I would consider a stand alone speed,
depth window kit from some
B&G and a MFD to use as a radar which supports
AIS and GPS. You can feed your
NMEA output from your speed,
wind and
depth and then add a
fluxgate and even
weather on many MFDs like Ray C and E series and Furuno,
Garmin or Lowrance.
I find that a fix mount is fin below decks at a nav station, but I rarely use it. I do use the
cockpit repeaters which give all the relavent data including waypoint info... CTW , DTW COG, SOG, XTE, TTG etc.
I don't drive from behind the
helm so a
helm instrument pod would put a lot of
gear where it is not viewed. Instead I recommend a hand held GPS plotter AND
cockpit repeaters visible from anywhere in your cockpit (ir forward above the companionway). I am using a very daylight visible
Garmin iQue PDA which has blue
charts and is all I need GPS chartwise in the cockpit. There are other which are better.
You'll want a decent below decks autopilot which can handle decent size seas. My experience is with the Alpha 3000 which has been superb, but there are others which come highly recommended. I am not a fan of interfacing a GPS with an autopilot. You're the
captain - you tell the helm where to steer.

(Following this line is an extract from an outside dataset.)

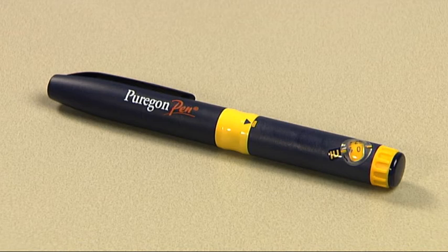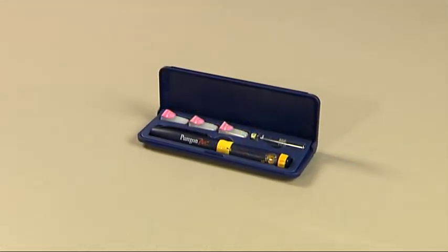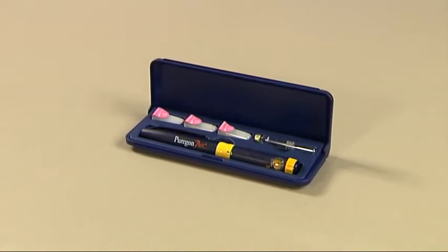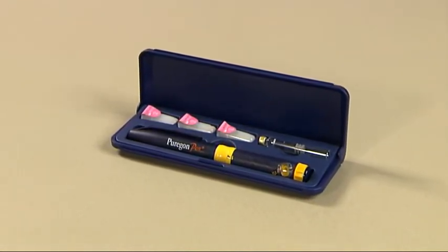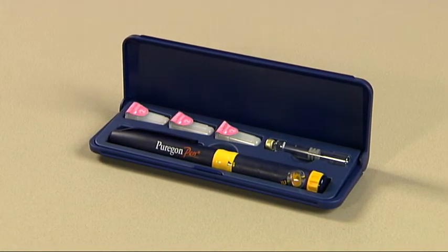Welcome to the instructions for use for the Puragon pen. This presentation will guide you through all the steps necessary to use your Puragon pen. The four main steps are: before you begin, preparing for your injection, giving your injection, and after your injection.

I am also not a fan of routes. They don't make sense for sailboats. You have plenty of time to set a waypoint, one at a time and usualy you can't fetch them sailing anyway. From a prudence point of view it's better than the
captain be more as opposed to less, involved with navigation meaning don't leave it to
electronics.
The
gear is data rich these days, but that's not all there is to sailing.